SUPREME COURT NARROWLY DEFINES “WHISTLEBLOWER” FOR PURPOSES OF DODD-FRANK ACT


The Supreme Court has ruled in Digital Realty Trust, Inc. v. Somers that certain protections afforded to whistleblowers under the Dodd-Frank Act do not apply if the employee reports possible violations of the securities laws internally but not to the SEC. The Dodd-Frank Act prohibits employers from discharging, demoting, suspending, threatening, harassing, or discriminating against a “whistleblower” who engages in certain protected activity. 15 U.S.C. § 78u-6(h)(1)(A). The Dodd-Frank Act defines “whistleblower” as any individual who provides information relating to a violation of the securities laws to the SEC. Id. § 78u-6(a)(6). Inconsistently, however, one of the three enumerated protected activities in section 78u-6(h)(1)(A) is a catchall provision that protects individuals who make disclosures that are required or protected under certain laws, including the Sarbanes-Oxley Act, which itself covers reporting possible wrongdoing internally.

Somers was employed by Digital Realty Trust, and he alleged that Digital Realty Trust fired him shortly after he reported possible securities law violations to senior management. Somers did not, however, make any report to the SEC before he was terminated. Somers sued Digital Realty Trust alleging a whistleblower retaliation claim under the Dodd-Frank Act. The district court denied Digital Realty Trust’s motion to dismiss, in which it argued that Somers was not a whistleblower under the Dodd-Frank Act because he did not report any suspected securities laws violations to the SEC. The Ninth Circuit affirmed in an interlocutory appeal, and the Supreme Court granted certiorari to resolve a circuit split on the issue.

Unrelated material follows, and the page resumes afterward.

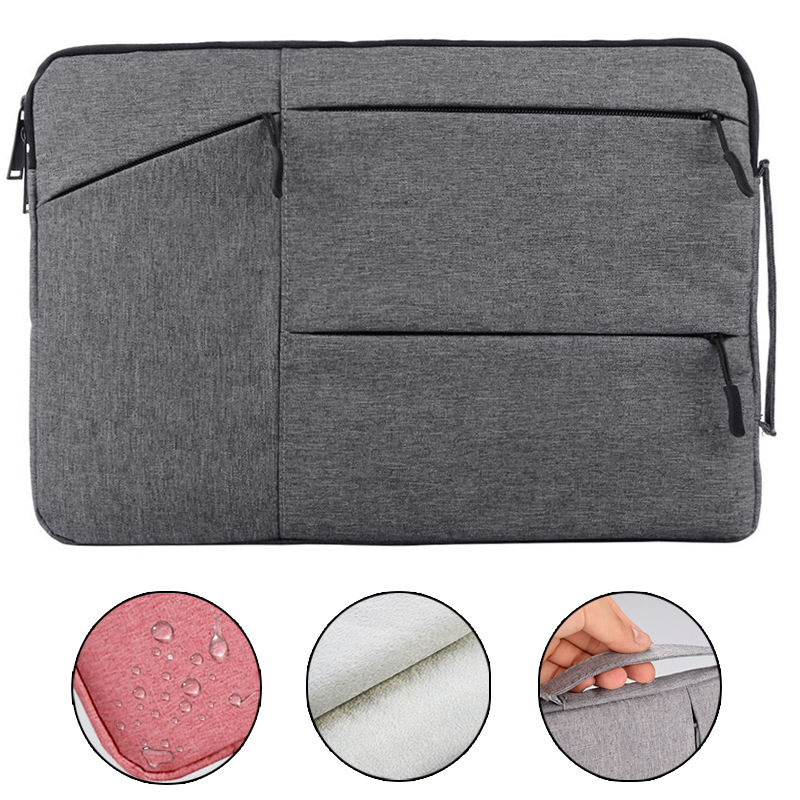 สีเทาเข้ม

See Asadi v. G.E. Energy (USA), L.L.C., 720 F.3d 620, 630 (5th Cir. 2013); Berman v. NEO@OGILVY LLC, 801 F.3d 145, 155 (2d Cir. 2013).

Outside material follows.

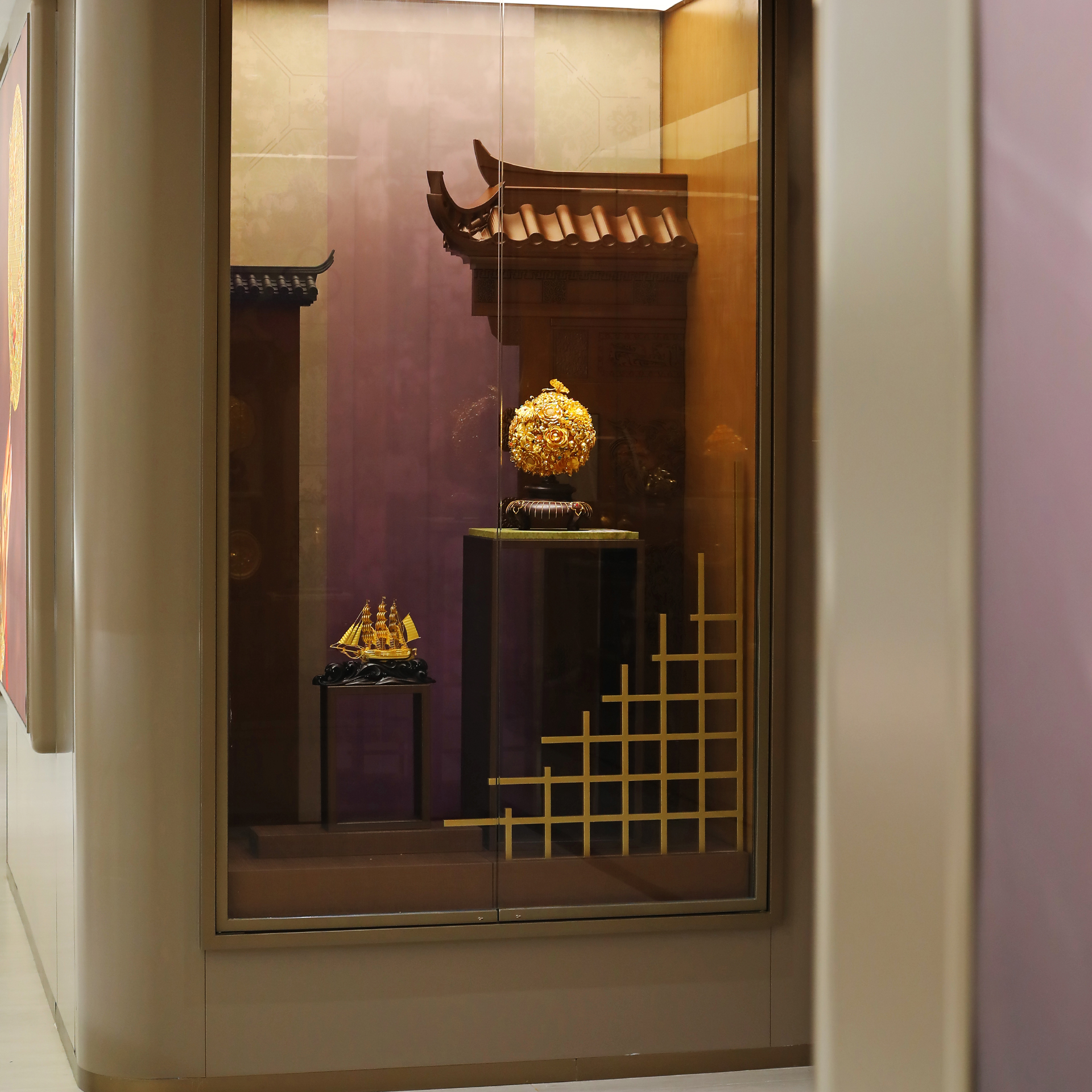 腾博会官网 - 诚信为本,专业服务!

The Supreme Court reversed the Ninth Circuit, holding that the anti-retaliation provision in the Dodd-Frank Act does not extend to an individual who does not report the suspected securities law violations to the SEC. For the Supreme Court the question was fairly easy: “When a statute includes an explicit definition, we must follow that definition,” and this “resolves the question before us.” Somers, slip. op. at 9. The Supreme Court also explained that the Dodd-Frank Act has a separate provision that protects an employee providing information to the Consumer Financial Protection Bureau, or his or her employer, and courts presume Congress acts intentionally when it includes language in one section of a statute but omits it from another section. Regarding the alleged inconsistency concerning the third enumerated protected activity identified above, the Supreme Court explained that under its plain-text reading, the statute protects employees who report both internally and to the SEC, but are retaliated against solely because of the internal reporting. This protects employees who would otherwise not be protected under the first two enumerated provisions. Additionally, the Supreme Court’s ruling is consistent with the Dodd-Frank Act’s intended purpose of encouraging individuals to report possible securities violations to the SEC and its corresponding whistleblower bounty program.